◆ GOAL OF THE EXERCISE ◆
Only these lines of the data below are wanted: the one with "2Pairs 304 Stainless", the one with "Gemminded Sterling Silver", and any lines between them, each repeated exactly.
- Opening Delimiter -
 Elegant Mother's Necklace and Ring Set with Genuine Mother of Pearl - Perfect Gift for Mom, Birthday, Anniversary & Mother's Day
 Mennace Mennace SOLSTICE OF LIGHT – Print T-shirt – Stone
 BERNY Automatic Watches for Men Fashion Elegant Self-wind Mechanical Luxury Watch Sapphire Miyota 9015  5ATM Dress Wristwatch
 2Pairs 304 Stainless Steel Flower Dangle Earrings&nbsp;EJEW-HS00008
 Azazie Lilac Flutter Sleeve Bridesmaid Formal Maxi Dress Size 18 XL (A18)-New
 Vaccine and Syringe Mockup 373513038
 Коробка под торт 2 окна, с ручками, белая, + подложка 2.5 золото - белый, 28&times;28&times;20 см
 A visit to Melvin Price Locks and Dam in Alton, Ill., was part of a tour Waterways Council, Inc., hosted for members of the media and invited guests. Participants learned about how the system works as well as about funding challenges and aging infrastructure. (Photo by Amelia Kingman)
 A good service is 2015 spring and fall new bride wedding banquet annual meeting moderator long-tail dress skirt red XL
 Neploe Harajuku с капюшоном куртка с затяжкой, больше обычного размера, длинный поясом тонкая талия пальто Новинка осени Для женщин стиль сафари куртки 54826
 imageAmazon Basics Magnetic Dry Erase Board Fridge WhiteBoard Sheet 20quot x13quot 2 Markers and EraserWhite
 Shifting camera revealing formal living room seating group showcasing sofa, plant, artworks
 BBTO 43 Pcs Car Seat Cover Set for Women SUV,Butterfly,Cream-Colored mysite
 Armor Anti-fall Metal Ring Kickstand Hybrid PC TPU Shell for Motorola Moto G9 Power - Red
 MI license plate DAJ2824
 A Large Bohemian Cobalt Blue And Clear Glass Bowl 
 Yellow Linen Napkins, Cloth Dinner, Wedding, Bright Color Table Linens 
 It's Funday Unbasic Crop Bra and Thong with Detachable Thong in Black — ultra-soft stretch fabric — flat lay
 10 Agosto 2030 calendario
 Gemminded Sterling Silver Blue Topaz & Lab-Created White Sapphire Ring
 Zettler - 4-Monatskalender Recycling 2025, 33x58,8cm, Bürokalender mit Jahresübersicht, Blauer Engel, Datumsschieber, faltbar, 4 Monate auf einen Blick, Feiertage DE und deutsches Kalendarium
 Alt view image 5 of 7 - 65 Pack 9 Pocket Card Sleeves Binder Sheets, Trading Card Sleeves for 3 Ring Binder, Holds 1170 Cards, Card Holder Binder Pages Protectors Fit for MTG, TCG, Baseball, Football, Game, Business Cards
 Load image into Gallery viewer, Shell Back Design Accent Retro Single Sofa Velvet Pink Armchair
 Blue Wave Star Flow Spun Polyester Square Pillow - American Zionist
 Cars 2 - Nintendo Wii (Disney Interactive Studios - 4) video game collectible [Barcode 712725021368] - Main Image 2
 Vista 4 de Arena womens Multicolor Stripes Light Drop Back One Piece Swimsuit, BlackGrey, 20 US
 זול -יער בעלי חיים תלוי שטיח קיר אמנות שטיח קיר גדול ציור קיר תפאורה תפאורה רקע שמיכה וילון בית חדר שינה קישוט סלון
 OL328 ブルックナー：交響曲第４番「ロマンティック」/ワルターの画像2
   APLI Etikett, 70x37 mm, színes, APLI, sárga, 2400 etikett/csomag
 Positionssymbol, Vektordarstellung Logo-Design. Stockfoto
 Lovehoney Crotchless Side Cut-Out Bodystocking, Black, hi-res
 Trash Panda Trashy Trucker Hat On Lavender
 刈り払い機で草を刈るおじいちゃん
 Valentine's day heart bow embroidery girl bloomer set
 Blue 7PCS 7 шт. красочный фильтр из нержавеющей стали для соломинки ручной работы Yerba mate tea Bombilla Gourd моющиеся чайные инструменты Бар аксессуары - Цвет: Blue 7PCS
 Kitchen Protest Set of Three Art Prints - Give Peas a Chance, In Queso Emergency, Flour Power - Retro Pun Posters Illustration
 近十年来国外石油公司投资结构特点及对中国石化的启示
- Closing Delimiter -
◆ YOUR RESPONSE ◆
 2Pairs 304 Stainless Steel Flower Dangle Earrings&nbsp;EJEW-HS00008
 Azazie Lilac Flutter Sleeve Bridesmaid Formal Maxi Dress Size 18 XL (A18)-New
 Vaccine and Syringe Mockup 373513038
 Коробка под торт 2 окна, с ручками, белая, + подложка 2.5 золото - белый, 28&times;28&times;20 см
 A visit to Melvin Price Locks and Dam in Alton, Ill., was part of a tour Waterways Council, Inc., hosted for members of the media and invited guests. Participants learned about how the system works as well as about funding challenges and aging infrastructure. (Photo by Amelia Kingman)
 A good service is 2015 spring and fall new bride wedding banquet annual meeting moderator long-tail dress skirt red XL
 Neploe Harajuku с капюшоном куртка с затяжкой, больше обычного размера, длинный поясом тонкая талия пальто Новинка осени Для женщин стиль сафари куртки 54826
 imageAmazon Basics Magnetic Dry Erase Board Fridge WhiteBoard Sheet 20quot x13quot 2 Markers and EraserWhite
 Shifting camera revealing formal living room seating group showcasing sofa, plant, artworks
 BBTO 43 Pcs Car Seat Cover Set for Women SUV,Butterfly,Cream-Colored mysite
 Armor Anti-fall Metal Ring Kickstand Hybrid PC TPU Shell for Motorola Moto G9 Power - Red
 MI license plate DAJ2824
 A Large Bohemian Cobalt Blue And Clear Glass Bowl 
 Yellow Linen Napkins, Cloth Dinner, Wedding, Bright Color Table Linens 
 It's Funday Unbasic Crop Bra and Thong with Detachable Thong in Black — ultra-soft stretch fabric — flat lay
 10 Agosto 2030 calendario
 Gemminded Sterling Silver Blue Topaz & Lab-Created White Sapphire Ring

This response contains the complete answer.